5 months ago
Job ID : 90614BR
Location : United Kingdom - Milton Park
When you’re part of Thermo Fisher Scientific, you’ll do challenging work, and be part of a team that values performance, quality and innovation. As part of a successful, growing global organization you will be encouraged to perform at your best. With revenues of more than $20 billion and the largest investment in R&D in the industry, we give our people the resources and opportunities to make significant contributions to the world.
We currently offer solutions spanning the entire pharmaceutical life cycle to help pharma and biotech companies of all sizes meet their complex development and manufacturing needs at any stage or scale enabling us to deliver a combination of unrivaled quality, reliability and compliance, backed by a reputation for scientific and technical excellence.
The range of services at ThermoFisher for drug substances and drug products is wider than that of any other CDMO and we offer end-to-end capabilities and expertise to take your discovery from pre-clinical and clinical development, through scale-up, all the way to commercial supply across more than 40 oral solid, sterile and softgel dosage forms.
The purpose of the role is to manage all Analytical support tasks within the Analytical Department in Milton Park, working with analytical management to ensure the laboratory is in an audit ready state and all systems are in place to ensure testing can be completed.
* Comply with GMP requirements and company rules, policies and procedures.
* Managing and performing all bulk solution preparation for the lab, updating the procedures to make this an independent role that does not require input from Leaders for the planning
* Working with the Equipment Scientist to ensure all equipment is suitable for use
* Managing all stability pulls, and set downs and associated documentation and working to improve the process
* Working with management to introduce efficiencies into the support tasks at Milton Park
* Managing all the Reference Standards and associated documentation
* Managing all retained samples and associated documentation
* Other duties as assigned
You will be a flexible, highly motivated professional seeking a new opportunity to develop and grow your skills within a unique operating model. To be considered for this role you will ideally have experience of the pharmaceutical industry and a strong understanding of current GMP and technical processes.

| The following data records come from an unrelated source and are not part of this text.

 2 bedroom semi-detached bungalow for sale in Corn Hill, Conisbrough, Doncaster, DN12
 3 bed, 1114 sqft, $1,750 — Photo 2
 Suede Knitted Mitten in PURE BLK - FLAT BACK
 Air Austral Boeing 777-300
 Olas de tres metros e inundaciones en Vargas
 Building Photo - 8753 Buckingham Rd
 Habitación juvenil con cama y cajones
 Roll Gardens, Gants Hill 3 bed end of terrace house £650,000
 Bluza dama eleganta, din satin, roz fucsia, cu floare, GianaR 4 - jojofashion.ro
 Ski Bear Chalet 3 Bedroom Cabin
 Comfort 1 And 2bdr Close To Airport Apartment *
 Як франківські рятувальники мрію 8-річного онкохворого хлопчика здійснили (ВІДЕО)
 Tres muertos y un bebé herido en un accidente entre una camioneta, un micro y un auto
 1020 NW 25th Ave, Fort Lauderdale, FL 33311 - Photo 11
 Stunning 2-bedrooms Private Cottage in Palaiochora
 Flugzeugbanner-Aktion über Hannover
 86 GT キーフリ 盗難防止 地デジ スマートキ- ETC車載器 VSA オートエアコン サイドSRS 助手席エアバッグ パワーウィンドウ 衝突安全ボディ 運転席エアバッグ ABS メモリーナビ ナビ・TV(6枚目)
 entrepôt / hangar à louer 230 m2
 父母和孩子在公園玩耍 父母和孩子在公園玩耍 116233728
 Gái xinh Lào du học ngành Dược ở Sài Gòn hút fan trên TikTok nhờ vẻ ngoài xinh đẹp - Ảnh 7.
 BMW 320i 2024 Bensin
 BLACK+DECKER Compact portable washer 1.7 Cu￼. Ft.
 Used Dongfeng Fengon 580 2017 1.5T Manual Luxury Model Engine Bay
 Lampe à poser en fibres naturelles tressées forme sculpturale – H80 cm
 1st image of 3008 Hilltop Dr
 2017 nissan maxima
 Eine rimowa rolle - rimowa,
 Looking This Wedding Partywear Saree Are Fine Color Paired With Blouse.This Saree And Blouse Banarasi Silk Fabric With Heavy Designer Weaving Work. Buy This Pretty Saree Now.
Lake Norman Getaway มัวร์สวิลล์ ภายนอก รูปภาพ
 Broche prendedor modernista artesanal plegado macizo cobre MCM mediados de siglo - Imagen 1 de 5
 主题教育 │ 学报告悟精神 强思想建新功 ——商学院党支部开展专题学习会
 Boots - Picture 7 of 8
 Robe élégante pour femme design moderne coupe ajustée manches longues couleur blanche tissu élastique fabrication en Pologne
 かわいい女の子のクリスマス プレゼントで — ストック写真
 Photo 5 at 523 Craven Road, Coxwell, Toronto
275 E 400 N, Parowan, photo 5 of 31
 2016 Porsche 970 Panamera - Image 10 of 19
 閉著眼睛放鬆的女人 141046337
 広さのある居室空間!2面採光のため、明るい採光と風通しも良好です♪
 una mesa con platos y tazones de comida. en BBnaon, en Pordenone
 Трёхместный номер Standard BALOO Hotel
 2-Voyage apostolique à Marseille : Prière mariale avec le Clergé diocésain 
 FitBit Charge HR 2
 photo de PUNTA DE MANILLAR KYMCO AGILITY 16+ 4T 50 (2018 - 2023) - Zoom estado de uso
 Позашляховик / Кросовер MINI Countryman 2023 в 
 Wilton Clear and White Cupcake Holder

In addition to this you must be able to demonstrate:
* A levels in science subject
* Experience gained in similar role/environment
When applying for this role, please use the 'cover letter' of the on-line application to describe how you meet the competencies for this role, as outlined in the job requirements above.
The information that you have provided in your cover letter and CV will be used to assess your application.
Thank you for your interest in this opportunity.